Originally Posted by Gamereviewgod
I went to Gamestop last night. They had Wii games on clearance for $2.96, and they were Buy 2, Get 1 free. Not only do I have them to play and lend, I have no need to worry about servers going out. You can get physical media cheaper than digital in almost all cases with the same amount of time, just a little more effort. PC gamers simply chose to dive in and it's a shame.
Steam has no official policy regarding their service's demise either. I always hear, "Gabe said he'll remove the DRM!" Great, but what's in the EULA? Nothing. Think Steam is invincible? People thought that about Sega in the early '90s too. The reality is that Steam needs the publishers, but publishers don't need Steam. Same goes for Netflix and the movie studios. For as much as people fight it, they'll end up on Origin if it's something they want to play.
We didn't choose to dive in. We weren't given a choice. You either adapted to the changing landscape, or you simply weren't capable of playing the newest games. Also, comparing Wii games to core PC games is like comparing VHS to Blu-ray. PC gamers don't spend so much on hardware to play games that look like they were made 15 years ago. But no. I don't think Steam is invincible, but I also don't see it going anywhere over the next decade. And much like Steam, Origin had a bit of a rocky beginning, but they've worked out most of the kinks already (security issues notwithstanding). As a BF3 player, I got saddled with Origin from day one, but it's pretty unobtrusive now.

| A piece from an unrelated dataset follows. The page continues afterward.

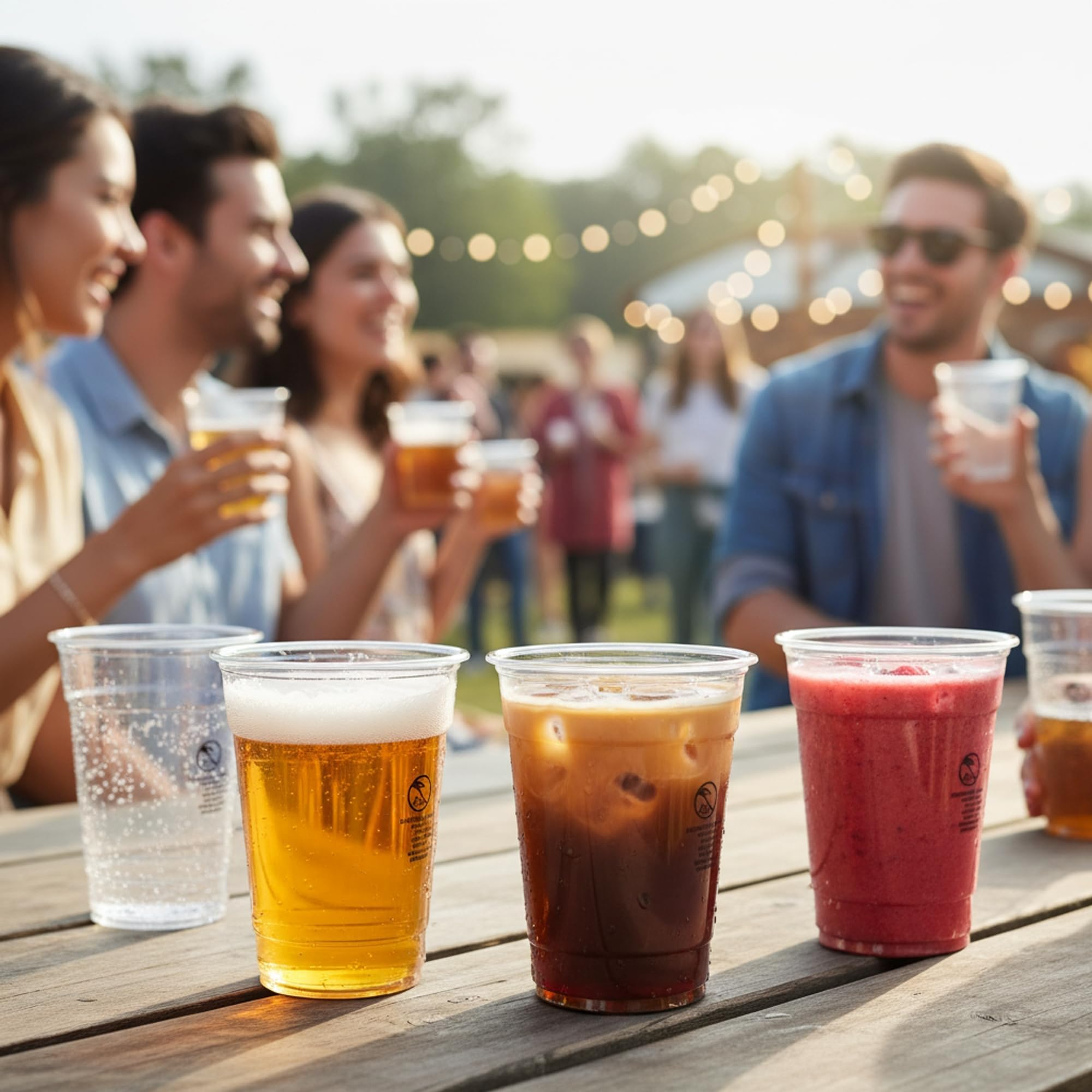 CWPack Plastikbecher - 0,3 L Transparent | Bierbecher für das nächste Fest, Einwegbecher für unkompliziertes Trinken, durchsichtiger Becher für verschiedene Anwendungszwecke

I know this thread was intended more for movies/music, but what you see happening in the gaming industry (not just with PC, but with the next-gen consoles like the PS4 and Xbox 720), can illustrate some of the things we may see soon on this side of things as well.
Here's my question (piggybacking on what others have said): Much like we (PC gamers) were forced to accept the change, if the movie studios decided to adopt a similar strategy as the PC gaming industry, what would people do? So many of us are fans of film and television (obviously, being on avs), are you all really ready to give up on all that if you were forced to a similar model for all new releases starting January 1st 2014? While I do like my BDs, I can honestly say that I wouldn't be averse to a Steam-like service for movies. Of course, this would require movie studios playing nicely with each other, but I think we're still in the early stages of development. 10 years from now, who knows? Maybe we'll look back and wonder why we were ever worried in the first place.